A explicação para este fenómeno da presidencialização, ou da hiperpresidencialização que Vital Moreira rejeita, e que implica, inequivocamente, na sua responsabilização sem cúmplices, podendo dar lugar a que seja o presidente culpado substituído por alguém que subscreveu as mesmas medidas que o condenaram, decorre do claríssimo facto dos vereadores obedecerem, na generalidade dos casos, ao presidente por dependência política e/ou por interesses próprios.

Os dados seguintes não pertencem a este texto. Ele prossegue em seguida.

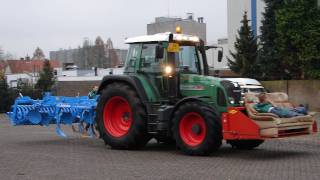 Fendt zonder chauffeur RTK GPS Abemec Trekkerweb [upl. by Dalton]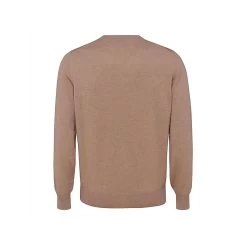 Pull Brunello Cucinelli Cashmere - Marron - Homme
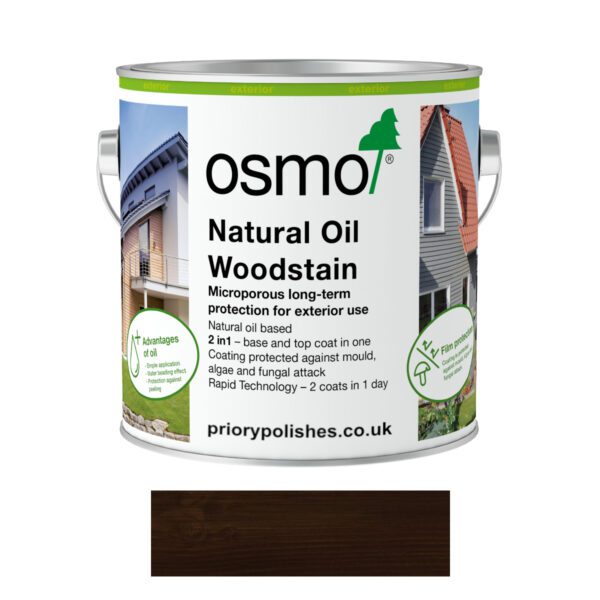 Osmo Natural Oil Wood Stain - 727 Rosewood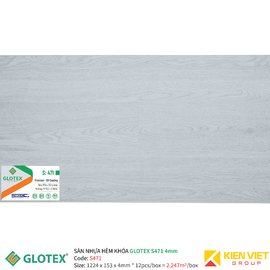 Sàn nhựa hèm khóa GLOTEX S471 | 4mm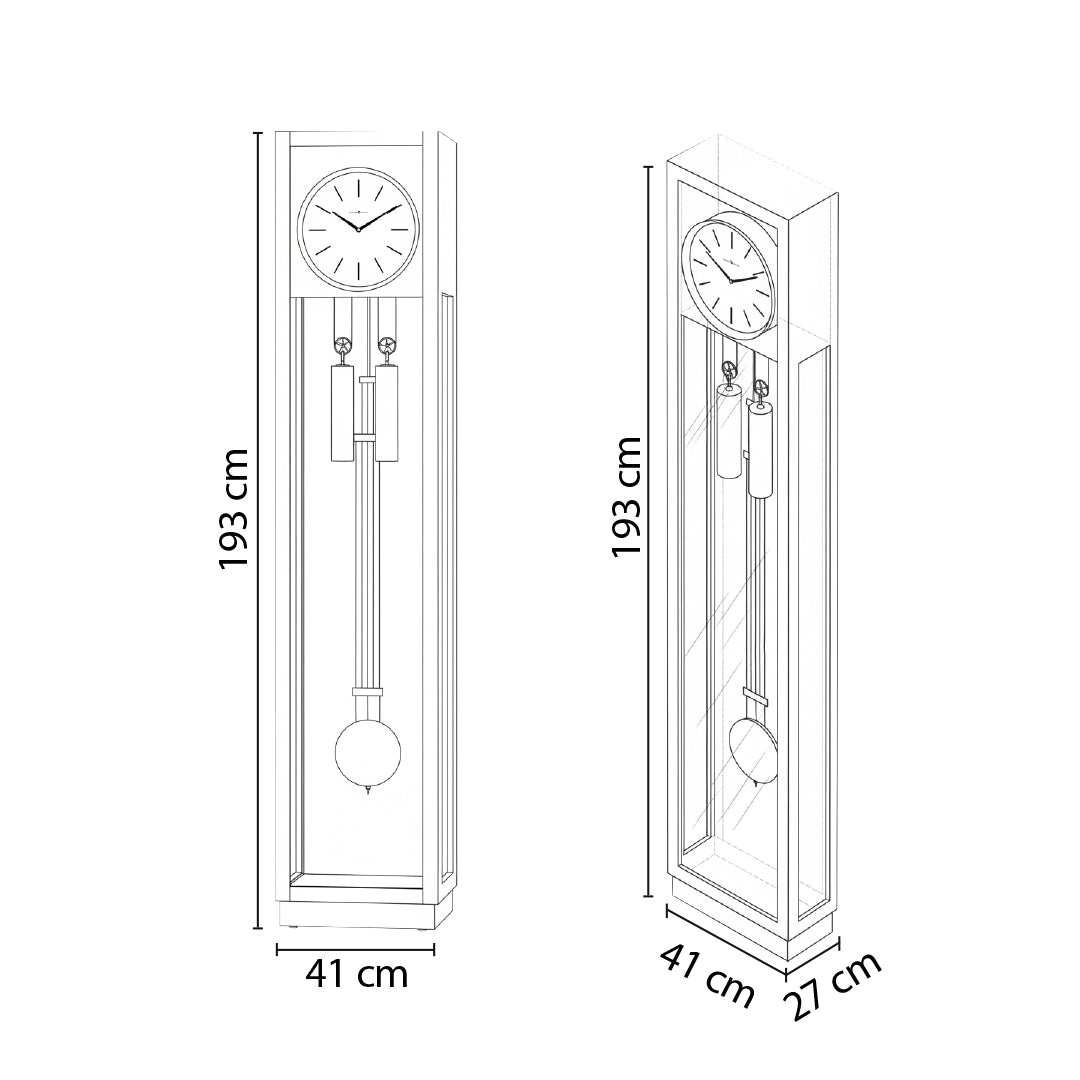 Avalon reloj de piso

O vereador camarário executivo não é, geralmente, um técnico das áreas que superintende. O vereador responsável pelo pelouro urbanístico (para referir o pelouro geralmente mais apetecido) foi eleito, não pelos seus especiais conhecimentos da matéria, por razões de política partidária e nomeado pela Câmara, após a constituição desta, em função do peso político dentro do partido a que pertence ou dentro da coligação, explícita ou implícita, que os resultados eleitorais às vezes impõem.

De qualquer modo, o vereador executivo não está na Câmara com isenção política (porque deve obediência ao partido) nem com isenção de interesses pessoais (porque é envolvido directamente nas decisões que afectam terceiros, mas não por razões técnicas, para as quais lhe faltam conhecimentos específicos). O vereador executivo, assume-se, portanto, como director do pelouro respectivo, com despromoção do respectivo director de carreira, esse sim, pretensamente tecnicamente habilitado, e branqueia, ou compromete-se, com a sua assinatura, os atropelos técnicos ou outros que a direcção cometer na apreciação e execução dos projectos.

O governo autárquico deveria segregar de forma muito clara as competências de aprovação e controlo de políticas de gestão (que deveria competir à vereação, enquanto órgão colegial, sem pelouros atribuídos, e sem funções executivas) da sua execução, que deveria competir ao presidente e à direcção da edilidade.

Evitar-se-iam, assim, não todos, mas os maiores problemas de promiscuidade que têm sido observados na gestão autárquica. Enquanto se mantiverem as sobreposições de competências, que só podem vislumbrar interesses próprios ou dos partidos representados, construtores civis e dignitários da bola encontrarão terreno propício para as sementes de corrupção.

E a proposta de monocolorir o executivo camarário não evita os desmandos; facilita apenas o presidencialismo que, nesse caso, não tem que negociar com a oposição a atribuição de pelouros executivos. Mas o executivo camarário continuará, desta forma, e então sem margem para dúvidas, composto por um presidente de um conjunto de yesmen.

Teremos, então, a quadratura do circo: uma só trupe para todos os números.